The direction of the force you produce, during an exercise, determines which muscle is loaded more, and which muscle is loaded less. How do you determine the direction of force you’ll use during an exercise? It is dictated by the direction of resistance provided by each exercise.

Let’s say you (at a bodyweight of 200 pounds) are about to perform a Barbell Squat. You are in the standing position, with a 200 pound barbell on your shoulders. You are therefore pressing straight downward, against the ground, with 400 pounds. If you were to put a scale under your feet, this would be confirmed.

In turn, the ground is pushing back 400 pounds. This is called “ground reaction force”. The ground is not sinking under the 400 pounds of load, nor is it pushing back more than 400 pounds, in which case you would rise.

In physics, the “ground reaction force” rule stipulates that an immovable brace (i.e., the ground, or the starting blocks of a sprinter, etc.) “pushes back” an amount equal to the amount pressing against it, and in the exact opposite direction. This means that the straight downward (vertical) pressing of your bodyweight plus the barbell, during Barbell Squats, is producing a straight upward (vertical) direction of resistance.

That upward direction of resistance, during Barbell Squats, requires that you produce a straight downward direction of force—otherwise, you would fall off balance.

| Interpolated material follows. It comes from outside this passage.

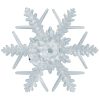 HOME KID 331 LED-es ablakdísz, hópehely 10 cm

The image below-left shows what occurs during a standard Barbell Squat. The red “UP” arrow indicates the direction of movement you are causing with your downward direction of force (indicated by the red “DOWN” arrow). Notice that the femur (upper leg bone) is perpendicular with your direction of force, while the tibia (lower leg bone) is mostly parallel with your direction of force. Thus, hip extension (produced by the glutes and other hip extensors) is loaded much more than knee extension (produced by the quads), in order to produce this upward movement.

In the figure above-right, you can see what would occur if you intentionally emphasized knee extension–instead of hip extension–thereby fully activating your quadriceps. Maybe you’d like to try this as a test (just kidding). If you do, be sure you have a soft cushion on which to fall, placed behind you.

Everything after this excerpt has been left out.